In today’s competitive business landscape, growth is no longer just about hard work and intuition—it’s about making smarter decisions driven by insights from data. The advent of advanced analytics and machine learning (ML) has revolutionized how businesses understand their markets, optimize operations, and delight customers. Yet, the journey from raw data to actionable insights can be daunting, especially for organizations new to these transformative technologies. Advanced Analytics and Machine Learning for Business Growth: A Practical Guide is designed to demystify the complex world of analytics and machine learning, providing business leaders, analysts, and data enthusiasts with a clear and actionable roadmap to drive tangible results. This book bridges the gap between the technical depth of data science and the practical demands of business strategy, empowering readers to unlock the full potential of their data. Inside, you’ll discover: • The foundational principles of advanced analytics and machine learning in business contexts. • Practical applications for solving real-world challenges such as customer segmentation, churn prediction, and demand forecasting. • Step-by-step guides for implementing machine learning models, from data preparation to deployment. • Tools, platforms, and frameworks that accelerate analytics workflows. • Insights into navigating challenges like data quality, organizational buy-in, and ethical AI practices. This book is intentionally practical. Instead of overwhelming you with complex theories and algorithms, it focuses on actionable strategies that you can implement immediately, whether you’re working in retail, finance, healthcare, manufacturing, or any other industry. As you turn the pages, you’ll discover how advanced analytics and machine learning can transform your business—from identifying hidden opportunities to solving critical challenges. More importantly, you’ll gain the confidence to lead data-driven initiatives that foster growth, resilience, and competitive advantage. The future belongs to businesses that can adapt and innovate. With this book as your guide, you’re equipped to harness the power of advanced analytics and machine learning to fuel your organization’s growth and success. Welcome to the journey of transforming your business with data. Let’s build the future, one insight at a time. Authors
Python Power A Practical Guide To Programming Through Hands On Projects
DOWNLOAD
Author : Jefferey Rangel
language : en
Publisher: Lena Whitmore
Release Date : 2025-04-04
Python Power A Practical Guide To Programming Through Hands On Projects written by Jefferey Rangel and has been published by Lena Whitmore this book supported file pdf, txt, epub, kindle and other format this book has been release on 2025-04-04 with Computers categories.
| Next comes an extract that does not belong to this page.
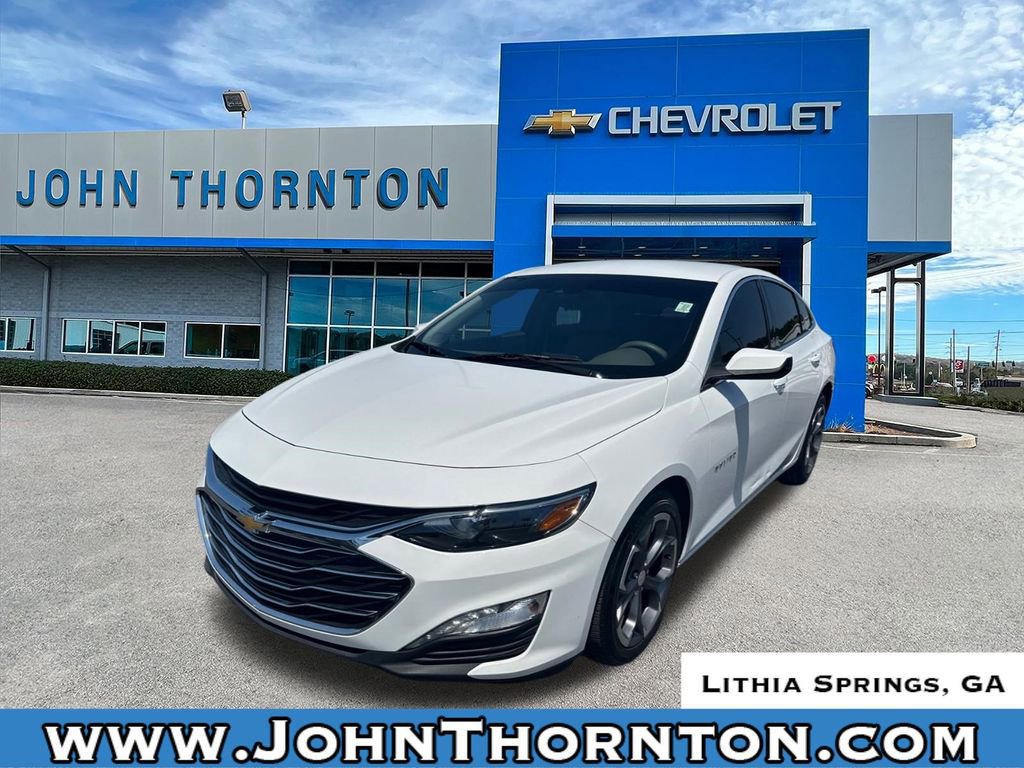 Used 2022 Chevrolet Malibu LT FWD image 1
Are you ready to unlock the power of Python? This book is your comprehensive guide to mastering this versatile programming language, from beginner to confident coder. Dive into the fundamentals of Python, learning essential concepts like variables, data types, operators, and control flow. You'll build a strong foundation by working through clear explanations and interactive code examples. The focus is on practical application, so you'll learn by doing, tackling real-world projects that will solidify your understanding. This book caters to anyone eager to learn Python, whether you're a complete novice or have some prior coding experience. No matter your background, you'll find the clear and concise instructions, engaging examples, and hands-on projects perfectly tailored to your learning style. This book is more than just theory; it's your launchpad for coding success. You'll learn to write clean and efficient code, solve problems creatively, and build impressive projects. With each project, your confidence and programming skills will grow. Invest in this book and unlock your potential in the world of Python programming.